Lalu, cobalah berpaling pada kelas menengah. Bukankah kelompok sosial ini paling rentan dengan fundamentalisme? Bukankah mereka paling takjub pada simbol-simbol dan ritual-ritual formal keagamaan? Tidakkah ekspresi politik mereka sepanjang sejarah cendrung dikaitkan dengan keyakinan religius mereka? Cobalah berkaca pada sejarah, dahulu pada siapa kelas menengah melabuhkan aspirasi politik mereka, pada PNI, PKI, NU, atau Masyumi? Maka tidakkah sekarang pun akan demikian, bahwa kelas menengah akan mencoret Ahok dari peluang preferensi mereka sebab ia berasal dari kelompok pelaku cara sembahyang yang berbeda?

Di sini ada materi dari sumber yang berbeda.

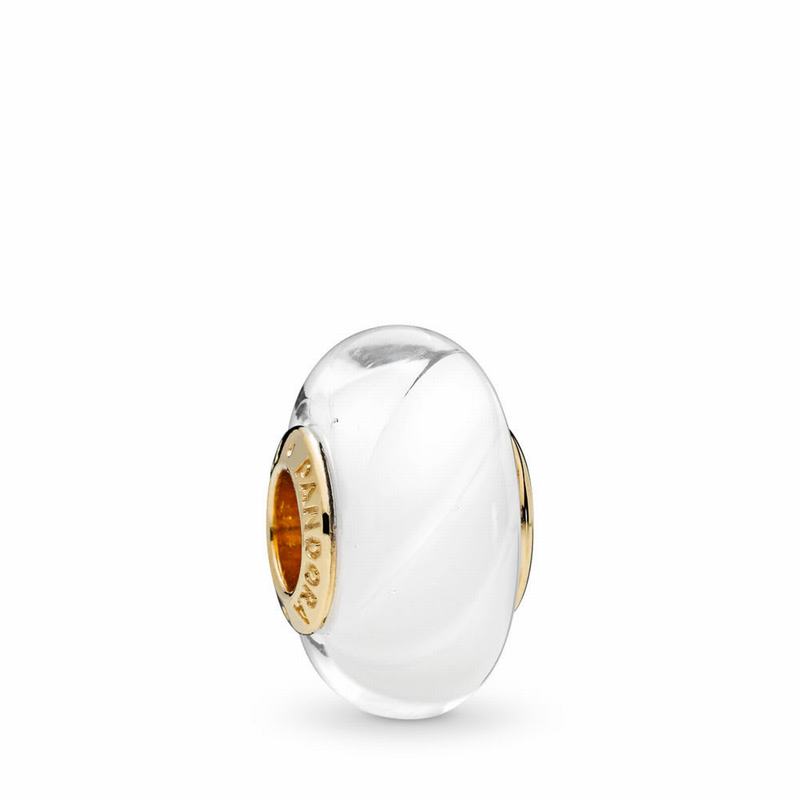 Pandora Shine™ White Waves Charm - 18ct Gold Plated/Glass/White - Canada | VF8815JW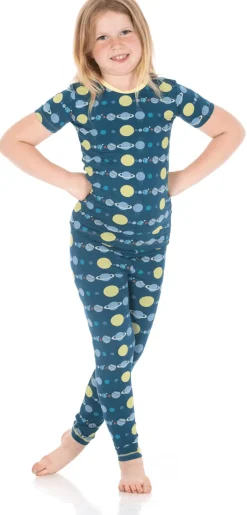 KicKee Pants Short Sleeve Pajama Set - Peacock Planets, 4T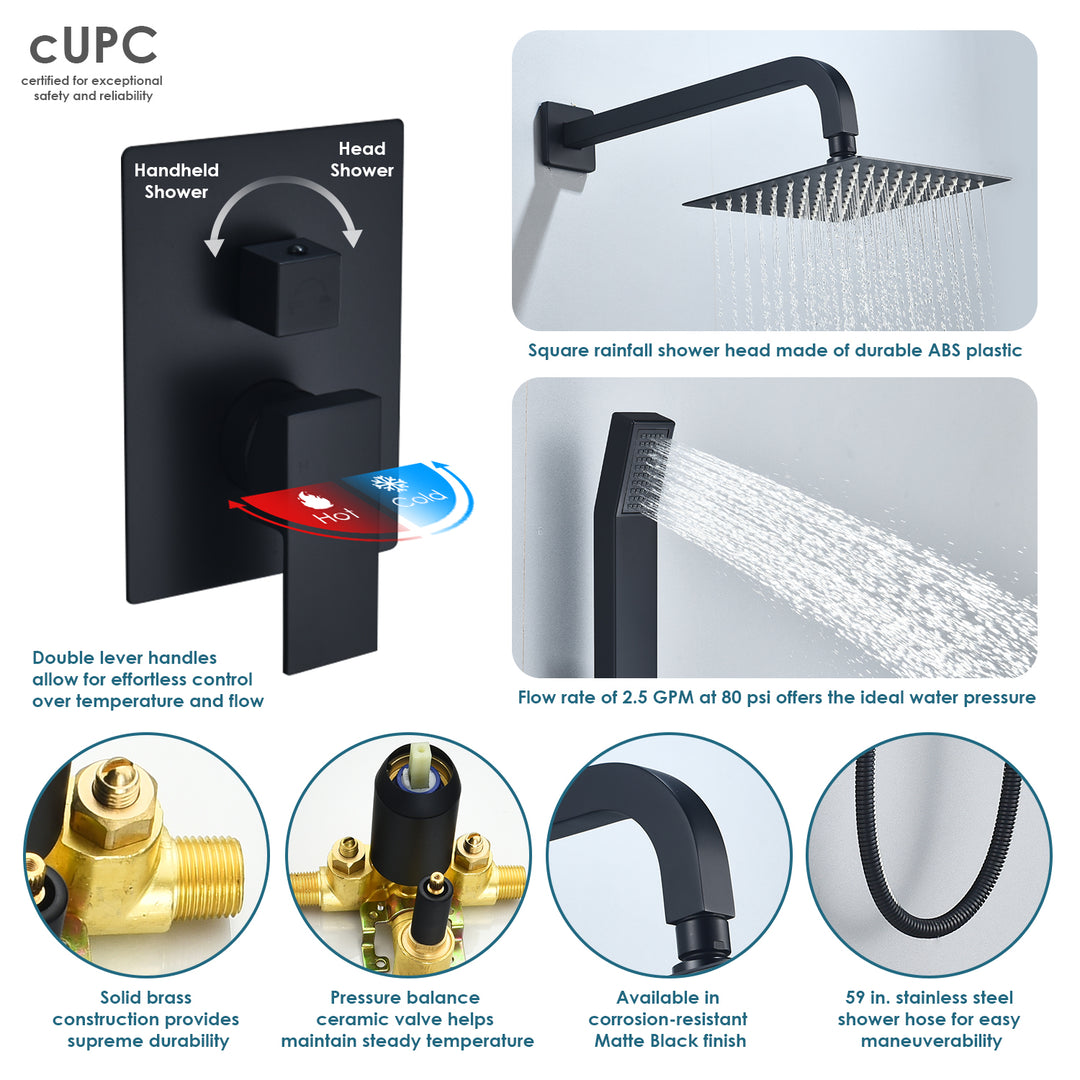 Raeren Complete Shower System in Matte Black with Rough-In Valve with 8 In. Square Rain Shower Head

“Hmm, hei! Mengapa diam? Lu sepakat cara pandang gue?” Ia mengagetkan saya.
“Ehh, yang mana?”
“Yaelah. Soal Ahok itu representasi kelas menengah.”
“Ahok bukannya bagian dari elit politik, kelas atas yang menikmati rente ekonomi?”
“Bukan itu. Maksudnya soal rakyat akan memilih AHY dan Anies, sementara Kelas Menengah akan memilih Ahok.” Ia mulai sedikit kesal.
“Entahlah. Bisa terbalik.”
“Mengapa begitu?” dahinya berkerut-kerut, bingung dan kesal karena tak serta-merta saya benarkan pendapatnya.
“Yah, tergantung kelas menengahnya. Jika belum bebas dari kutukan prasangka purba mereka pada politik berbasis identitas kultur, agama itu kultur, mereka tidak akan memilih Ahok.”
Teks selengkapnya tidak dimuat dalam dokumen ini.